Directions
From the material below, copy exactly the lines beginning with the one that contains "Alias Fito se" and ending with the one that contains "Palmetto Ridge - Residential Lease"; the pictures stay out.

The data
-- Opening Marker --

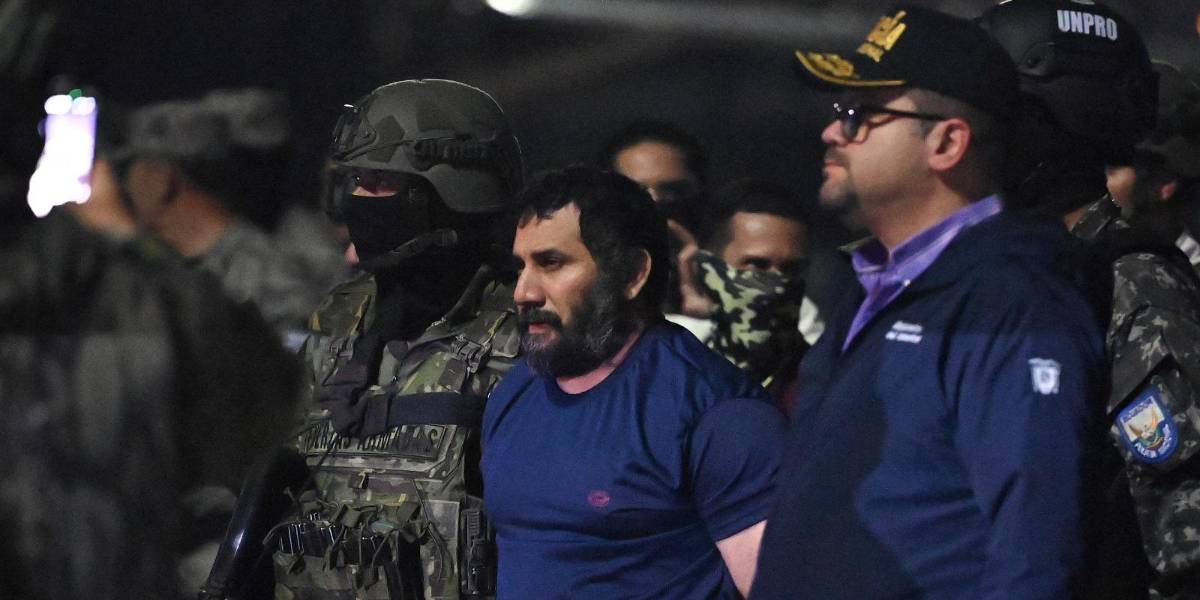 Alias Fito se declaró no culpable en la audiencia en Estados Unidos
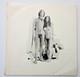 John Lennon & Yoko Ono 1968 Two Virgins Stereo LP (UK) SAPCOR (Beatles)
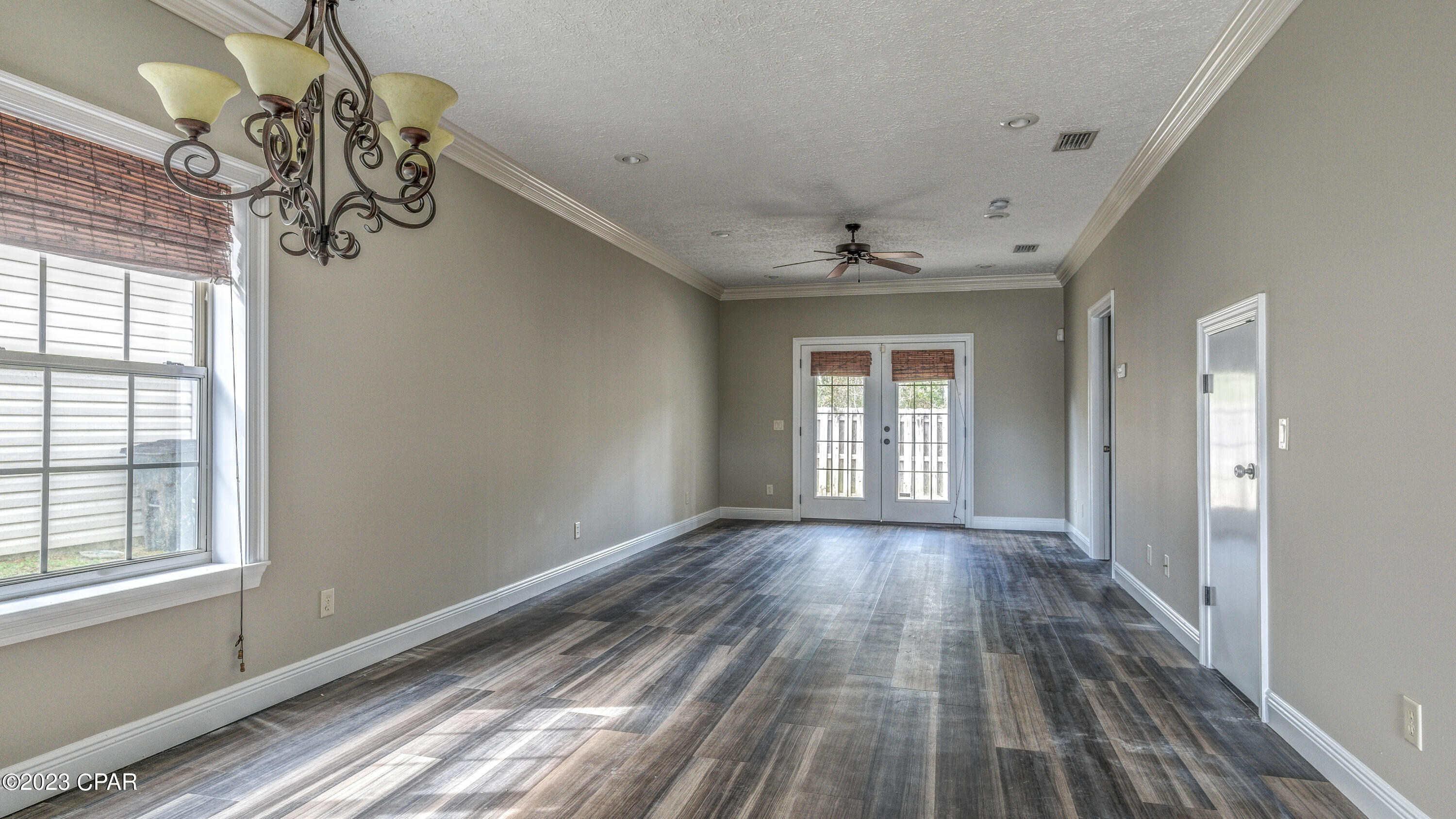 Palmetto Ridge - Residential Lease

-- Closing Marker --
-- Opening Marker --

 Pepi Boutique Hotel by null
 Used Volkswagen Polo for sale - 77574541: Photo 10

-- Closing Marker --
-- Opening Marker --

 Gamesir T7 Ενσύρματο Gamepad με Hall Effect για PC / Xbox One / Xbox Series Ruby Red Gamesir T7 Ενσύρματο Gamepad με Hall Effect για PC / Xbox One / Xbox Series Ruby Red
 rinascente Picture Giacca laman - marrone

-- Closing Marker --

Answer for the task
 Alias Fito se declaró no culpable en la audiencia en Estados Unidos
 John Lennon & Yoko Ono 1968 Two Virgins Stereo LP (UK) SAPCOR (Beatles)
 Palmetto Ridge - Residential Lease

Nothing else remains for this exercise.